■ Source material ■
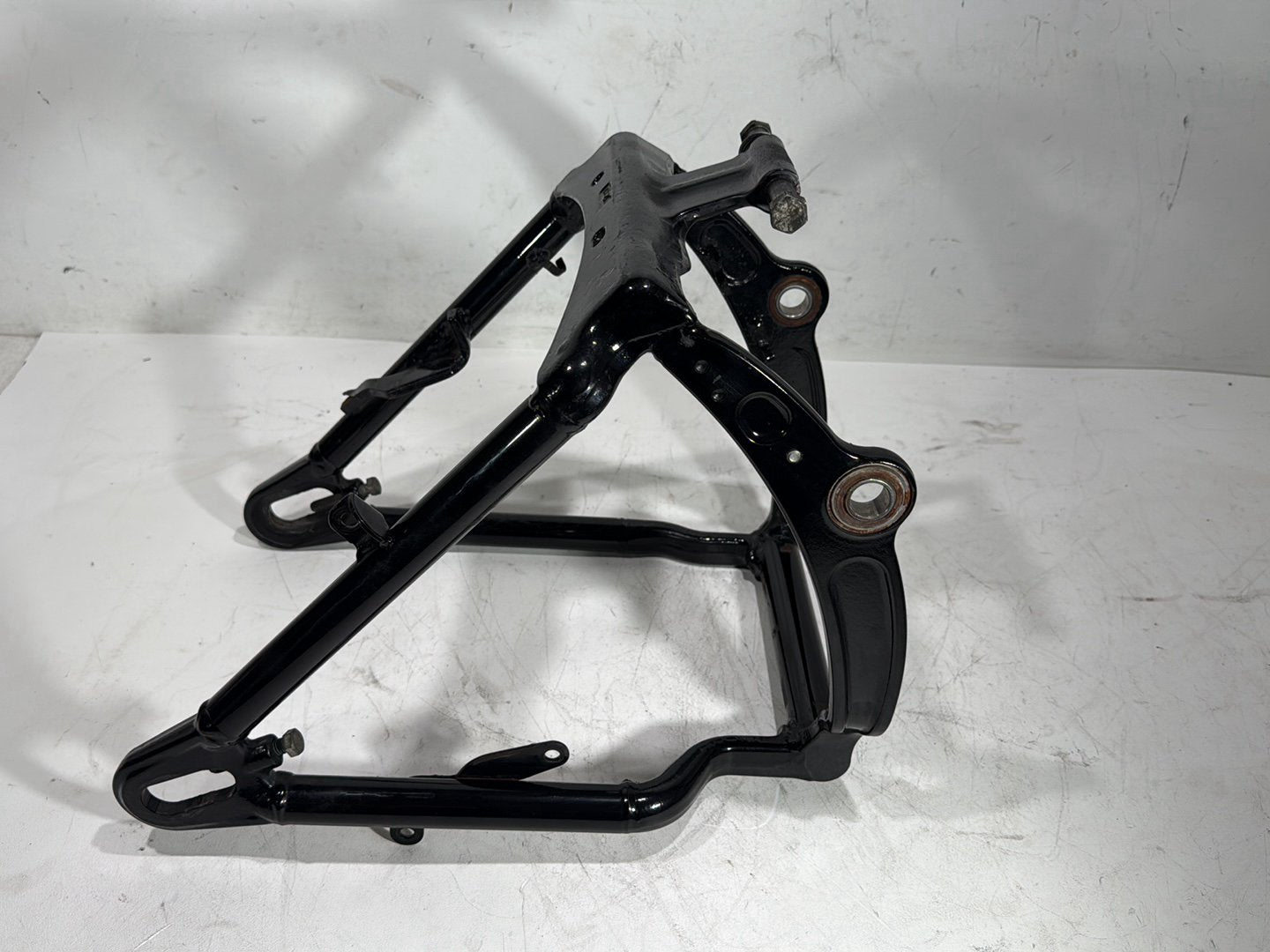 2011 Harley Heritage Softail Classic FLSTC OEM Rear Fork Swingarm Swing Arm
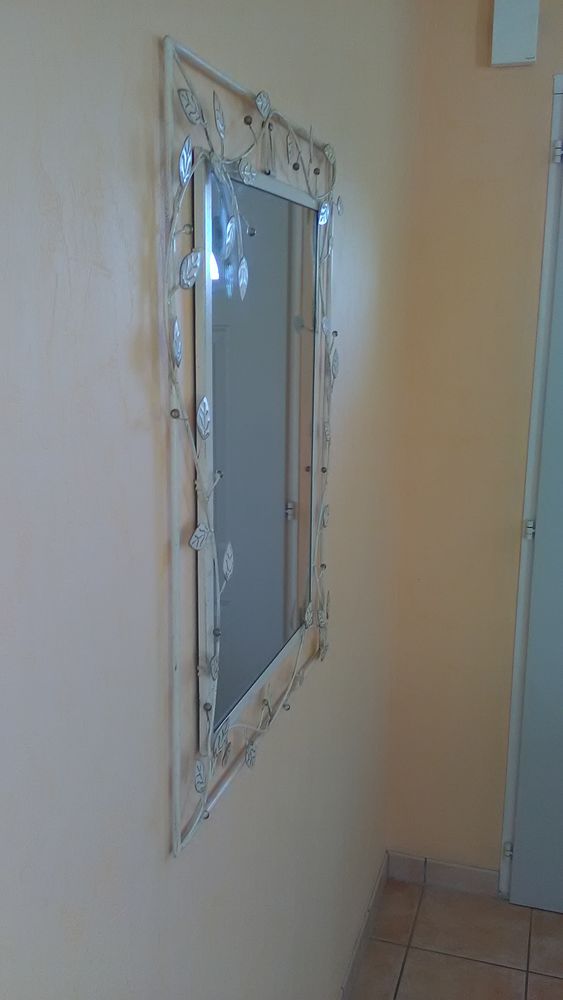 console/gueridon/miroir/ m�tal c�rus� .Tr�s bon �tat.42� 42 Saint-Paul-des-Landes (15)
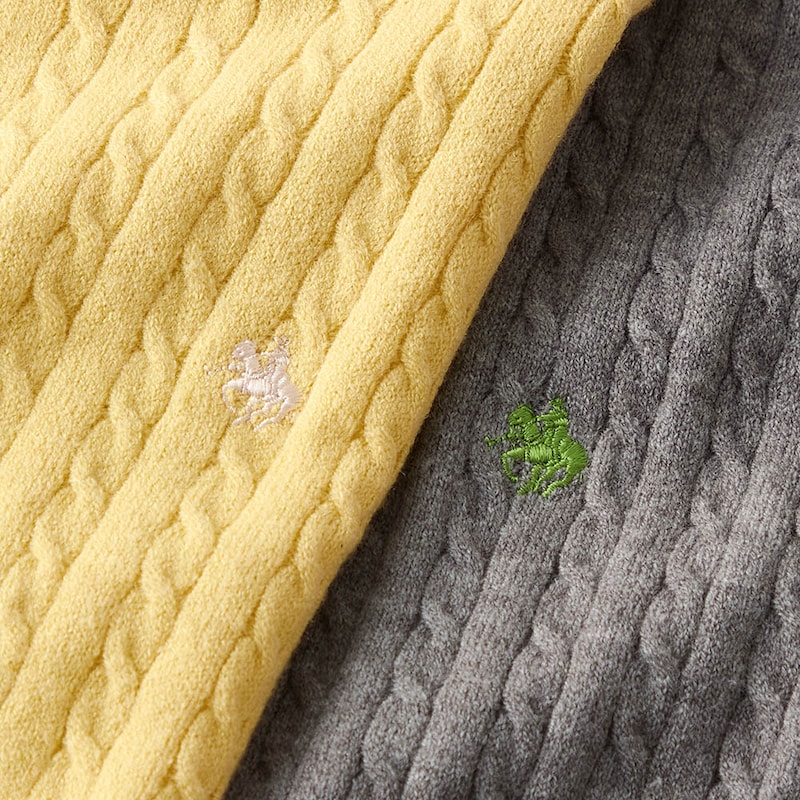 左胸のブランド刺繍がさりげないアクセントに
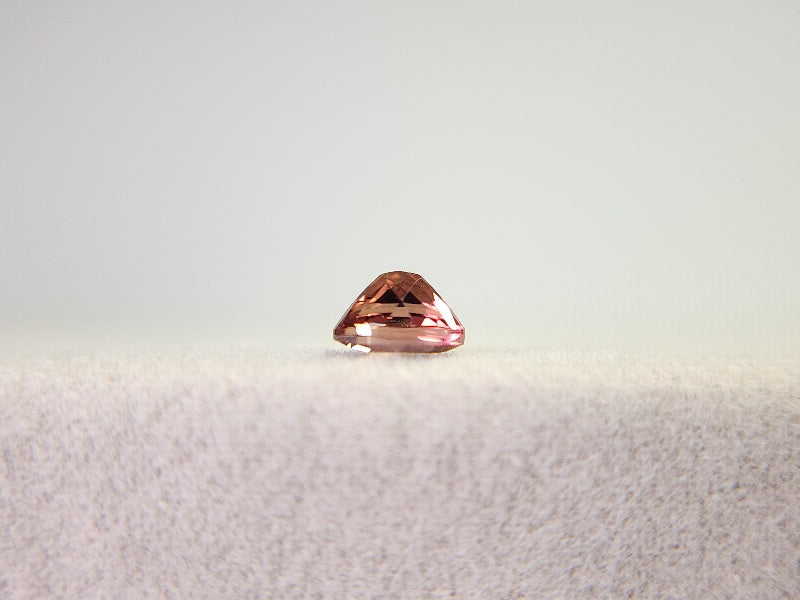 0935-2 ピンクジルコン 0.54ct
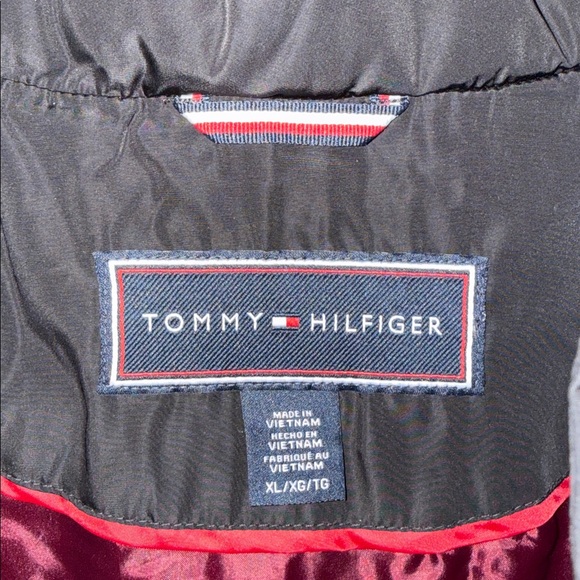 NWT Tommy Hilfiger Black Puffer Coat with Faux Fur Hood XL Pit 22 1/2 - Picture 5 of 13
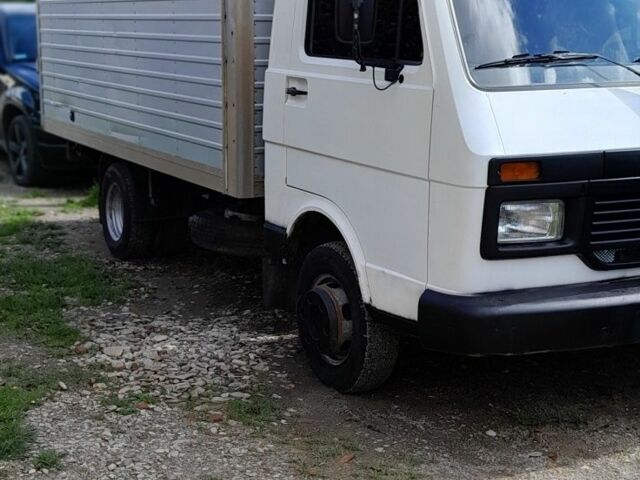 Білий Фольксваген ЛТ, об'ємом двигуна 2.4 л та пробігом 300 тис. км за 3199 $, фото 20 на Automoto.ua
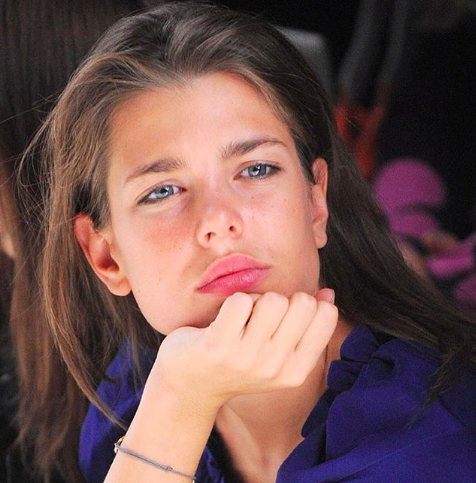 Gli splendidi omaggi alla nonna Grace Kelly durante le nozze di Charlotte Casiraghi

---

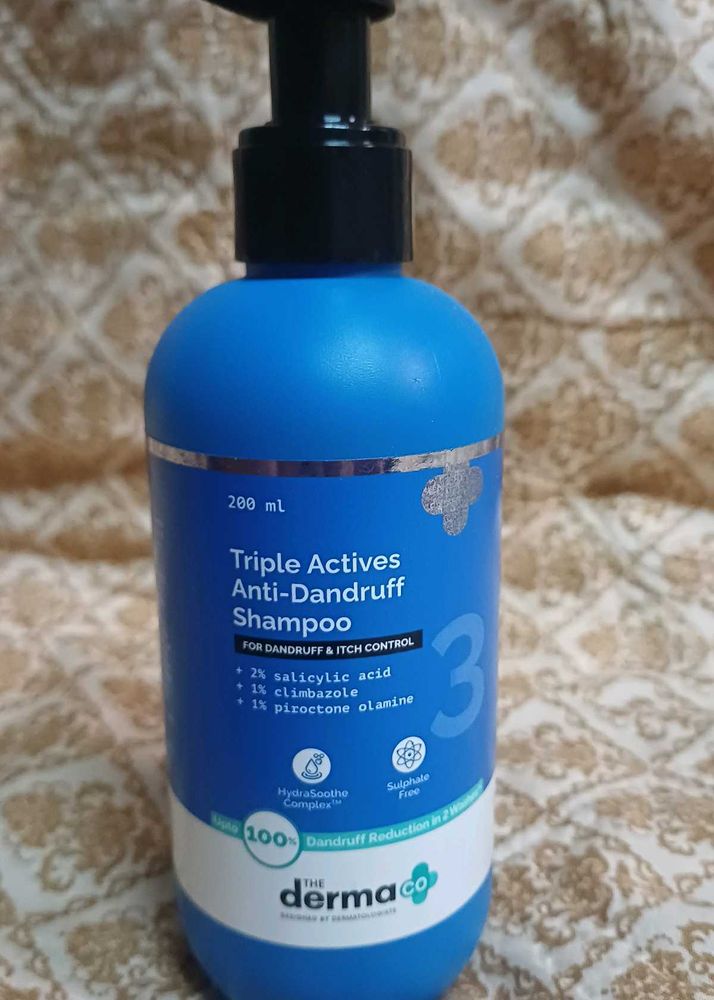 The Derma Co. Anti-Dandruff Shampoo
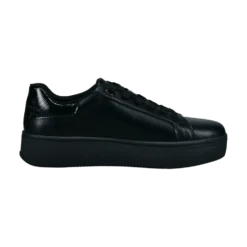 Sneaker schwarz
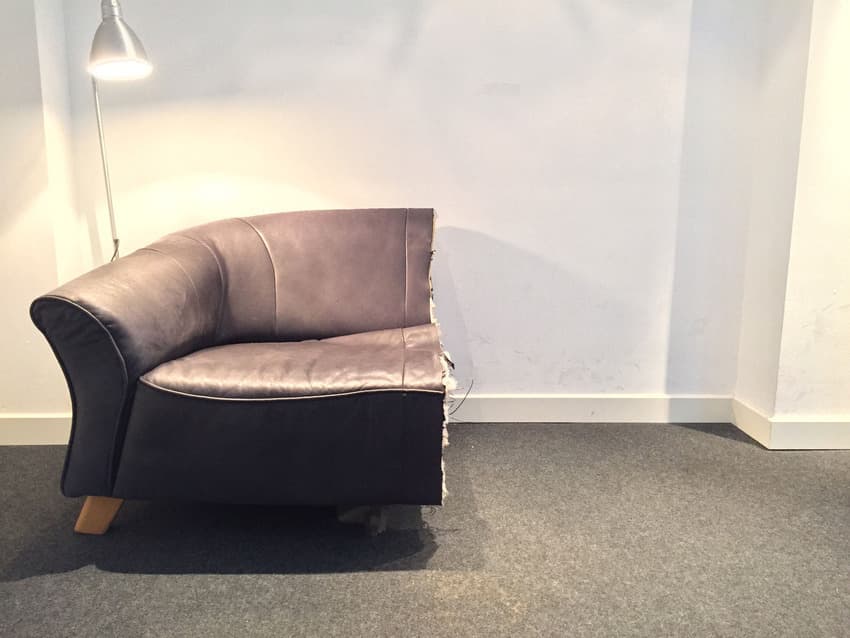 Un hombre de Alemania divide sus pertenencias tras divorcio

■ Instructions to follow ■
In the listing above, the required lines run from the line with "2011 Harley Heritage" through the line with "Білий Фольксваген ЛТ, об'ємом". Output exactly those lines, omitting pictures.

■ Answer ■
 2011 Harley Heritage Softail Classic FLSTC OEM Rear Fork Swingarm Swing Arm
 console/gueridon/miroir/ m�tal c�rus� .Tr�s bon �tat.42� 42 Saint-Paul-des-Landes (15)
 左胸のブランド刺繍がさりげないアクセントに
 0935-2 ピンクジルコン 0.54ct
 NWT Tommy Hilfiger Black Puffer Coat with Faux Fur Hood XL Pit 22 1/2 - Picture 5 of 13
 Білий Фольксваген ЛТ, об'ємом двигуна 2.4 л та пробігом 300 тис. км за 3199 $, фото 20 на Automoto.ua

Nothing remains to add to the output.